(Image-caption web data)

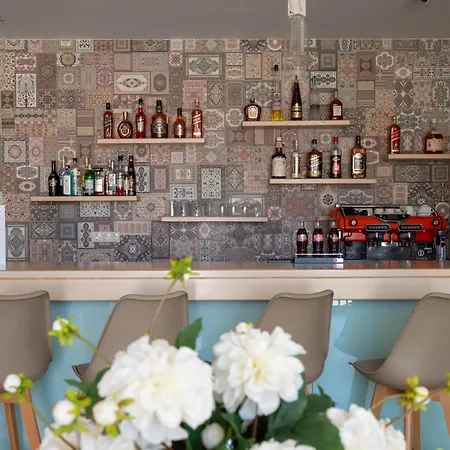 Ξενοδοχείο Elafonisos Resort 3*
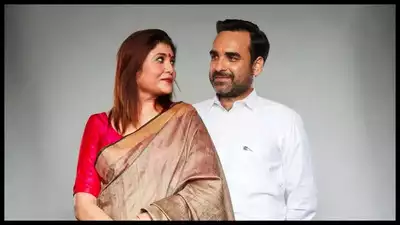 Pankaj Tripathi bows down to his wife Mridula while celebrating their wedding anniversary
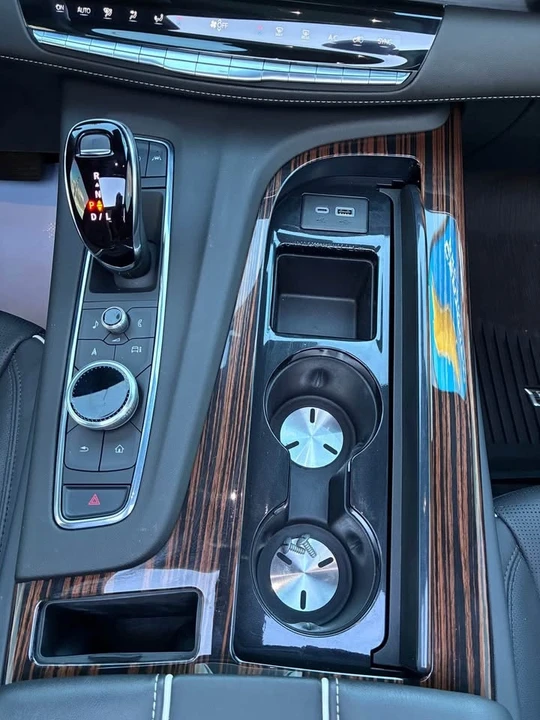 2024 Cadillac Escalade 5th Gen - Image 7 of 9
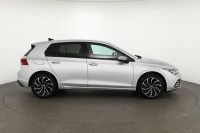 VW Golf VIII 1.5 eTSI DSG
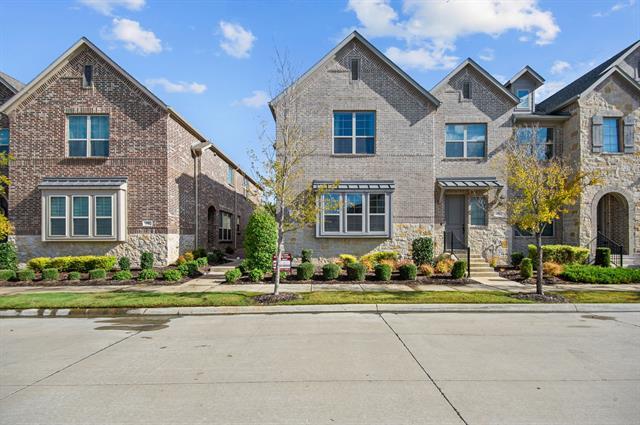 582 Cobblestone Ln in Irving, TX - Foto de edificio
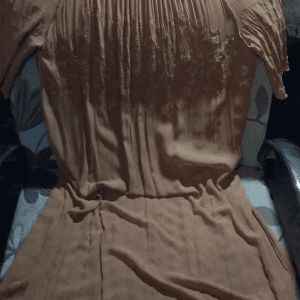 Vestido de renda bege com detalhes em dourado - Tamanho M
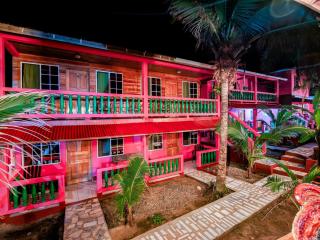 Las Palmeras OceanView Hotel and Dive Center - 4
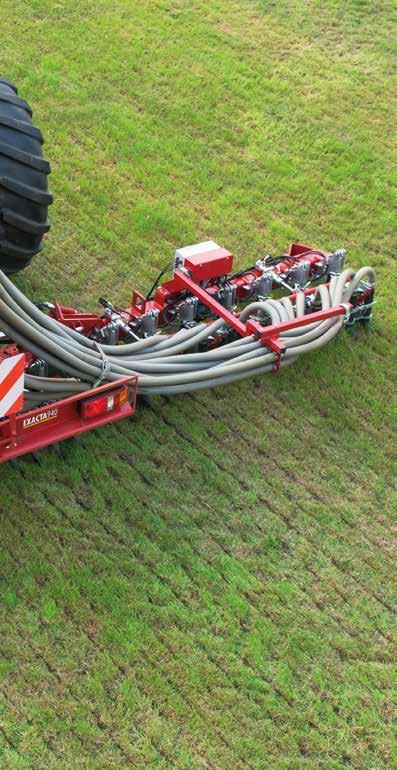❶ ❷ ❸ 14 15 ❷ Side arms The Exacta slurry injector has great vertical movement potential due to the pivoting
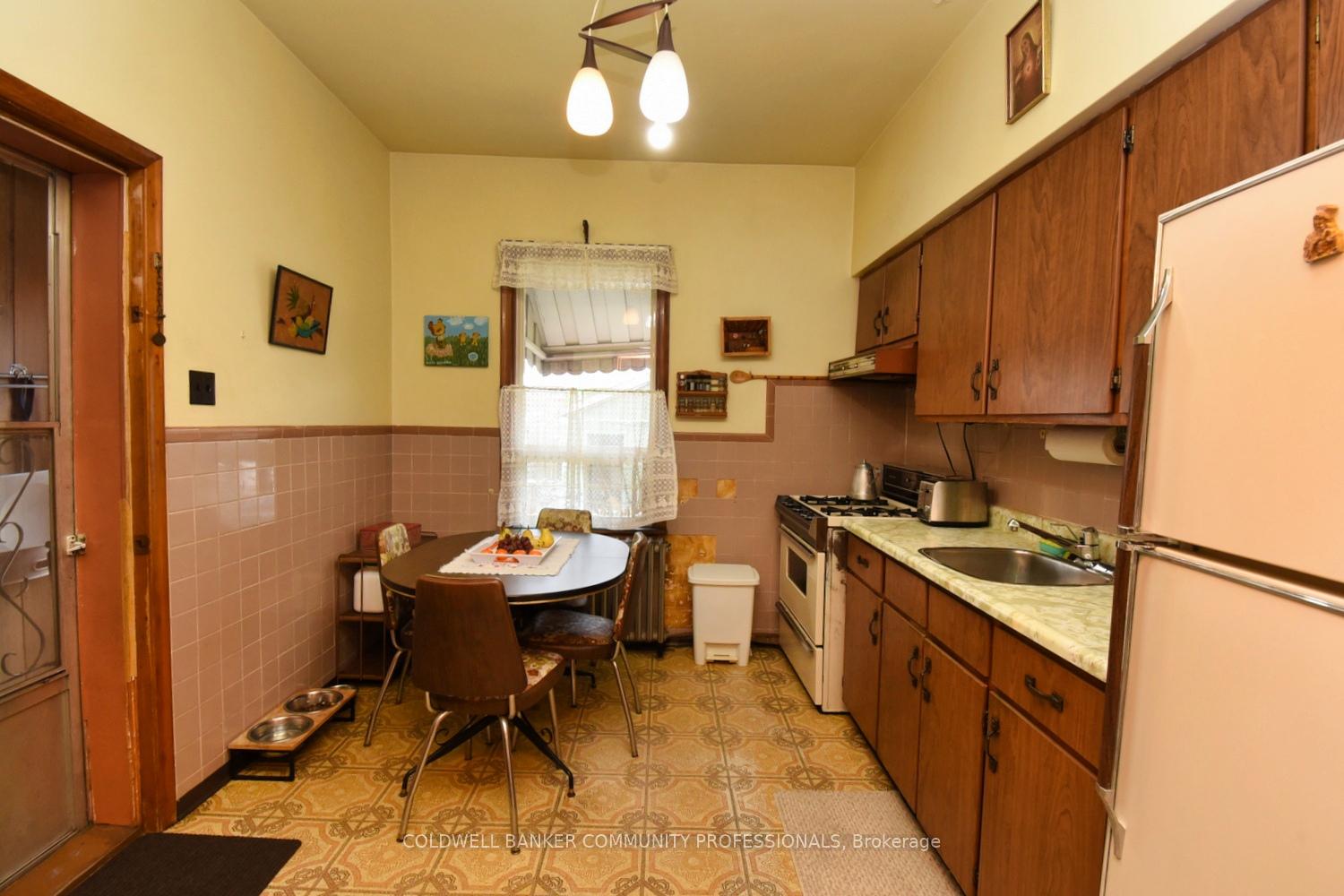 Photo 8 of 48 Fullerton Avenue, Hamilton, Gibson — HOMEH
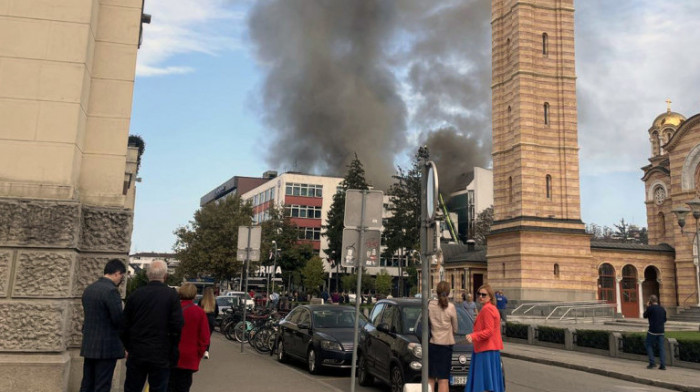 Požar kod Elektrokrajine u centru Banjaluke pod kontrolom, vatra izbila zbog neispravnih elektro-instalacija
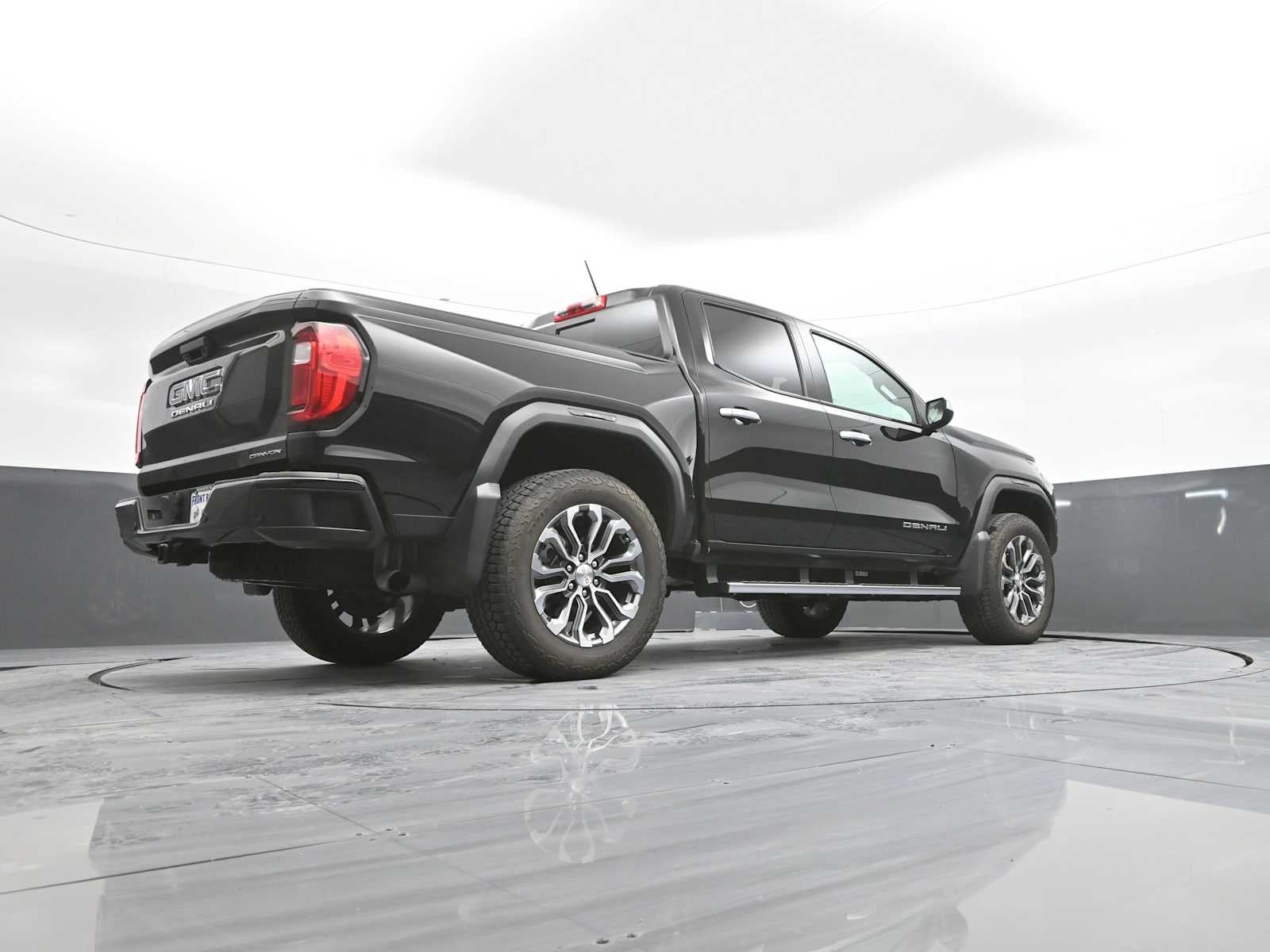 2023 GMC Canyon Denali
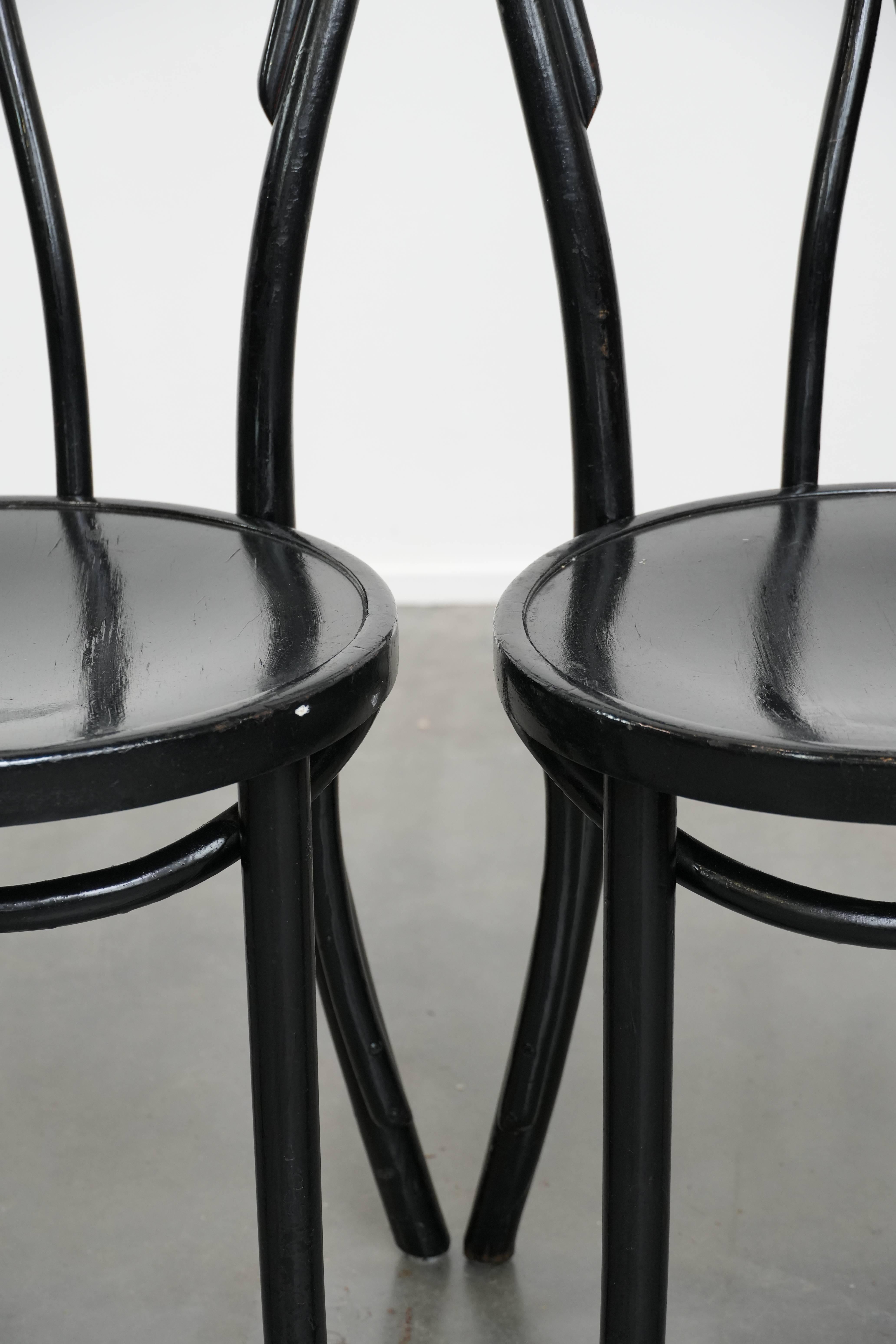 Set of 4 black vintage Thonet style bistro chairs im Angebot 4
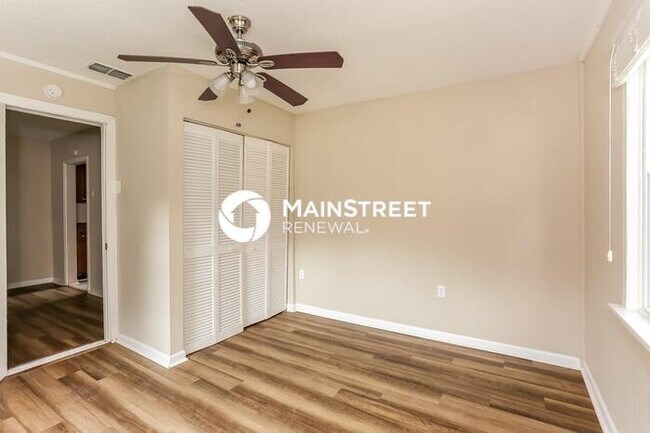 Building Photo - 3 Bedroom Pet-Friendly Home in Jacksonvill...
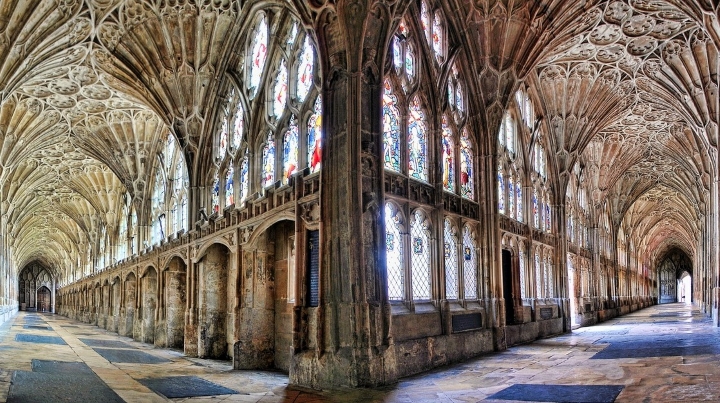 Cathédrale de Gloucester en Angleterre, décor des couloirs de Poudlard dans les films Harry Potter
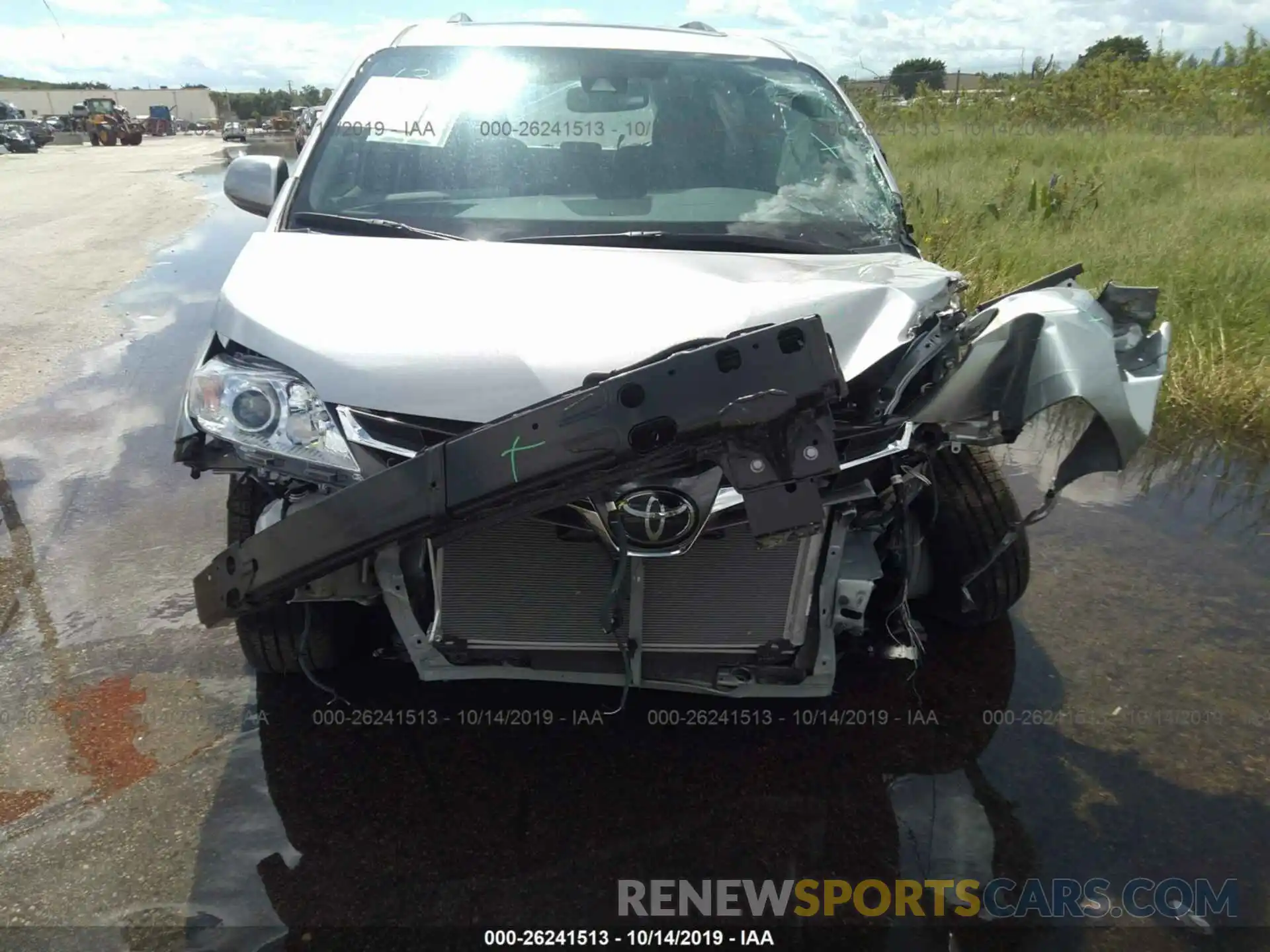 6 Photograph of a damaged car 5TDYZ3DC7LS023100 TOYOTA SIENNA 2020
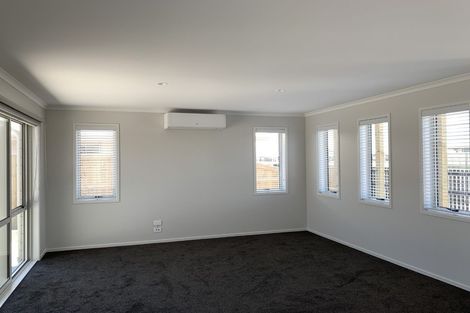 Photo of property in 180 Te Okuroa Drive, Papamoa, 3118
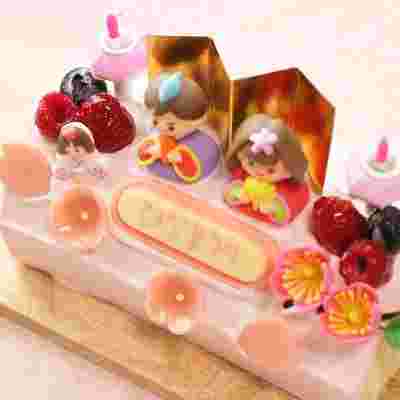 ロールケーキ専門店クルルのひな祭りロールケーキ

**WORK REQUIRED**
Excluding the pictures, retype the line containing "VW Golf VIII 1.5 eTSI DSG" and all lines after it down to the end of the data above.

**RESPONSE TO THE EXERCISE**
 VW Golf VIII 1.5 eTSI DSG
 582 Cobblestone Ln in Irving, TX - Foto de edificio
 Vestido de renda bege com detalhes em dourado - Tamanho M
 Las Palmeras OceanView Hotel and Dive Center - 4
❶ ❷ ❸ 14 15 ❷ Side arms The Exacta slurry injector has great vertical movement potential due to the pivoting
 Photo 8 of 48 Fullerton Avenue, Hamilton, Gibson — HOMEH
 Požar kod Elektrokrajine u centru Banjaluke pod kontrolom, vatra izbila zbog neispravnih elektro-instalacija
 2023 GMC Canyon Denali
 Set of 4 black vintage Thonet style bistro chairs im Angebot 4
 Building Photo - 3 Bedroom Pet-Friendly Home in Jacksonvill...
 Cathédrale de Gloucester en Angleterre, décor des couloirs de Poudlard dans les films Harry Potter
 6 Photograph of a damaged car 5TDYZ3DC7LS023100 TOYOTA SIENNA 2020
 Photo of property in 180 Te Okuroa Drive, Papamoa, 3118
 ロールケーキ専門店クルルのひな祭りロールケーキ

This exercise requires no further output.